Parent company Ferrovial set to muscle in on UK market with £1.5bn Heathrow East project
BAA has delayed picking contractors for more than £9.5bn of airport projects until March next year, it has emerged.
This is 10 months later than expected and, by then, the nine firms chasing work on the airport operator’s framework will have been bidding for places for more than a year. Firms in the running include Laing O’Rourke, Balfour Beatty and Spanish group Ferrovial, which owns BAA.
It is understood that the delay has been caused by a Civil Aviation Authority review into price controls at Heathrow and Gatwick.

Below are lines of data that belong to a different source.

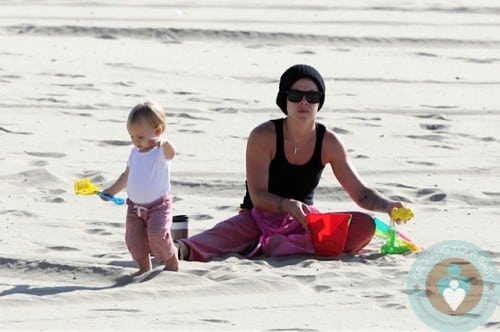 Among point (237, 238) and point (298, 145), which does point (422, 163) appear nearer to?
point (298, 145)

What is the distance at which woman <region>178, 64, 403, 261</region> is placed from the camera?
7484 millimetres

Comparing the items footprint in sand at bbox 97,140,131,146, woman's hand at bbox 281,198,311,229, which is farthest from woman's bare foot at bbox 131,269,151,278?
footprint in sand at bbox 97,140,131,146

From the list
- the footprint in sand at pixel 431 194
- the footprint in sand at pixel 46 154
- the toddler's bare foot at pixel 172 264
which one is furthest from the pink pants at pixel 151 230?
the footprint in sand at pixel 46 154

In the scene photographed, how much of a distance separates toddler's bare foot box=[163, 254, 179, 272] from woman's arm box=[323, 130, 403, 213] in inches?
45.5

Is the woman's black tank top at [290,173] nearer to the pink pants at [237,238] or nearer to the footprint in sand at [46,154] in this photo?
the pink pants at [237,238]

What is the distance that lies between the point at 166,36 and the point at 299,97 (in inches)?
316

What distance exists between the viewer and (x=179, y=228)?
7570 mm

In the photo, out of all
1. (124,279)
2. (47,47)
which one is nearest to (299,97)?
(124,279)

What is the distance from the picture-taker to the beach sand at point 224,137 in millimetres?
6477

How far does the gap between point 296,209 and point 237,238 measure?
0.39m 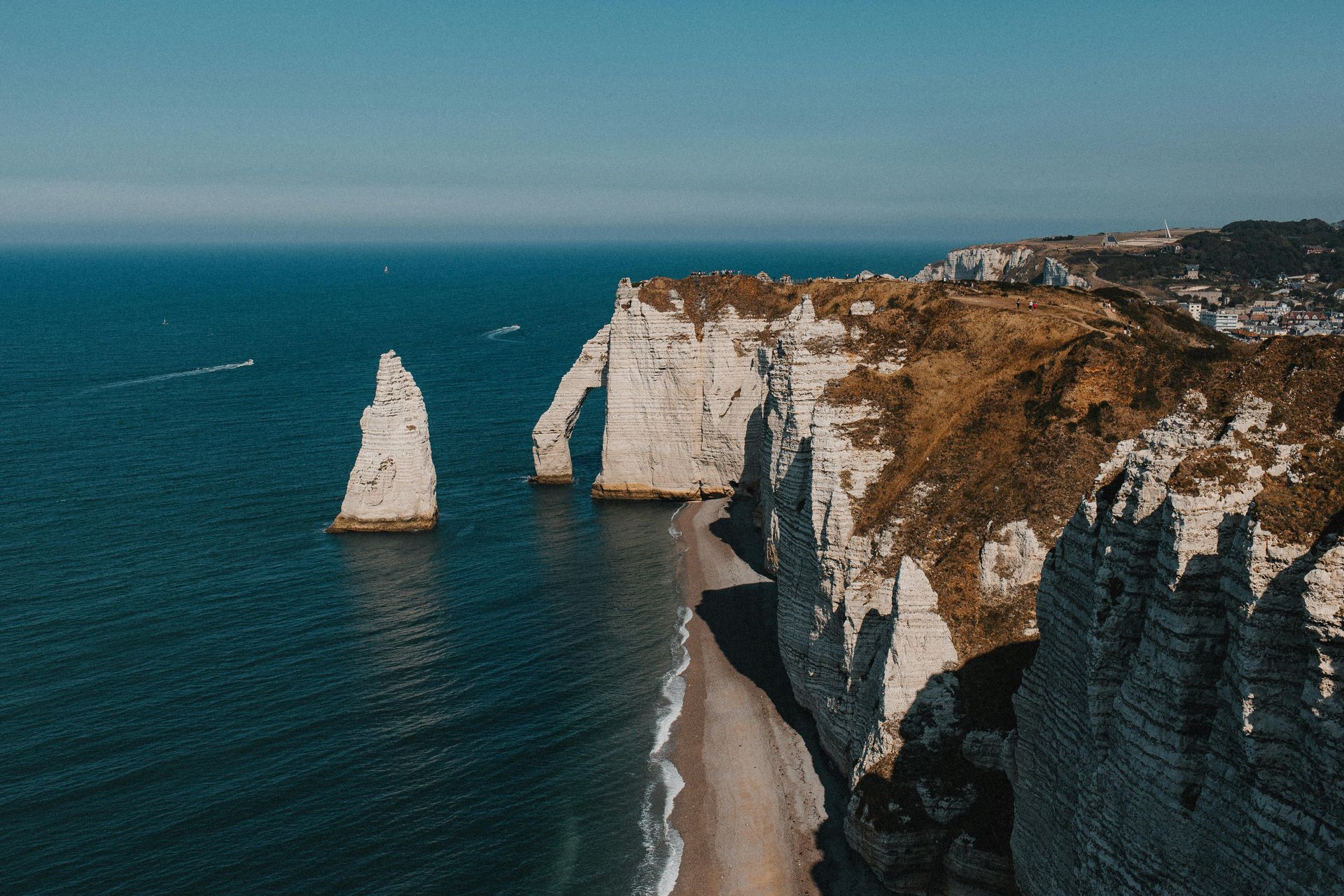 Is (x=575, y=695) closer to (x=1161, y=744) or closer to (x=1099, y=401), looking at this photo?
(x=1099, y=401)

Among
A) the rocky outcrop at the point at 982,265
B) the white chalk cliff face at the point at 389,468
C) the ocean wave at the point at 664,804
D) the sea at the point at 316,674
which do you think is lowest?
the ocean wave at the point at 664,804

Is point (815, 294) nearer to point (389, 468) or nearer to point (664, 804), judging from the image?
point (389, 468)

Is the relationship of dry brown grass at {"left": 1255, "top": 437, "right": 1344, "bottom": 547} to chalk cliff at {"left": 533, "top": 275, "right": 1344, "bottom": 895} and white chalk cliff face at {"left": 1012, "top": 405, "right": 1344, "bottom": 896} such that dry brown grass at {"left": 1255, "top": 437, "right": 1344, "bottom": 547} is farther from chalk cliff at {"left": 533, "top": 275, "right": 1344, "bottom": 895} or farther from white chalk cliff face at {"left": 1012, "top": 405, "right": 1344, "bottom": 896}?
white chalk cliff face at {"left": 1012, "top": 405, "right": 1344, "bottom": 896}

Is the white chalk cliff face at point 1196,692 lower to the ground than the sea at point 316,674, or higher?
higher

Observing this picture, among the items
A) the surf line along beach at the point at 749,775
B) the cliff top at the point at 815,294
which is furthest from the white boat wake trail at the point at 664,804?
the cliff top at the point at 815,294

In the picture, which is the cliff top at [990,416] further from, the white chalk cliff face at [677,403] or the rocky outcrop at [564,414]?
the rocky outcrop at [564,414]

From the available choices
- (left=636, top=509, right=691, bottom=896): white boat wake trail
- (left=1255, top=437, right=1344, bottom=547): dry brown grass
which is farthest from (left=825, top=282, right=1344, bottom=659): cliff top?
(left=636, top=509, right=691, bottom=896): white boat wake trail

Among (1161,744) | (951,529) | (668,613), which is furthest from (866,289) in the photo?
(1161,744) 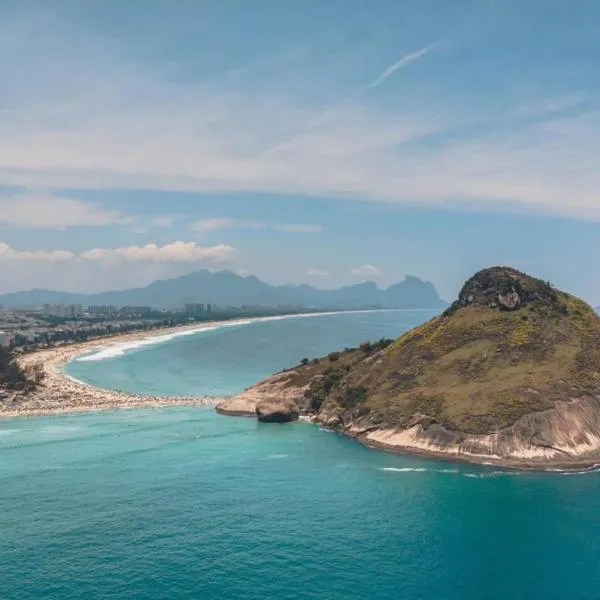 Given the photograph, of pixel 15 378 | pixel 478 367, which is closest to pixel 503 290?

Contractors have been told that the framework will not be appointed until the review is complete, but details of large individual projects are emerging.
It is understood that Laing O’Rourke and Ferrovial will share work on the £1.5bn Heathrow East building that is to replace Terminals 1 and 2 after Terminal 5 opens in March. This would be the first large project undertaken by the Spanish firm since it bought BAA in June last year.
Heathrow East was designed by Foster + Partners. Work is expected to start in 2009 and BAA hopes to open the first phase in time for the 2012 Olympics.
It is also believed that Balfour Beatty will build the £400m Midfield Pier that will connect Heathrow East to the rest of the airport.
Carillion announced last week that it had won a £300m contract to build the Terminal 5 satellite building, T5c.
A source close to the bidding process said: “BAA won’t make formal announcements, but more projects will be handed out before the end of the year.”
BAA first invited the contractors to bid to join its “complex projects framework” in January.
It was thought that BAA would announce the framework in May and, more recently, in November.
The nine contractors are Laing O’Rourke, Ferrovial, Carillion, Balfour Beatty, Skanska, Taylor Woodrow, Costain, Morgan Ashurst and Mace. All nine are expected to be on the framework, but will be awarded varying degrees of work. It is understood that the bulk will go to Laing O’Rourke, Ferrovial and Carillion.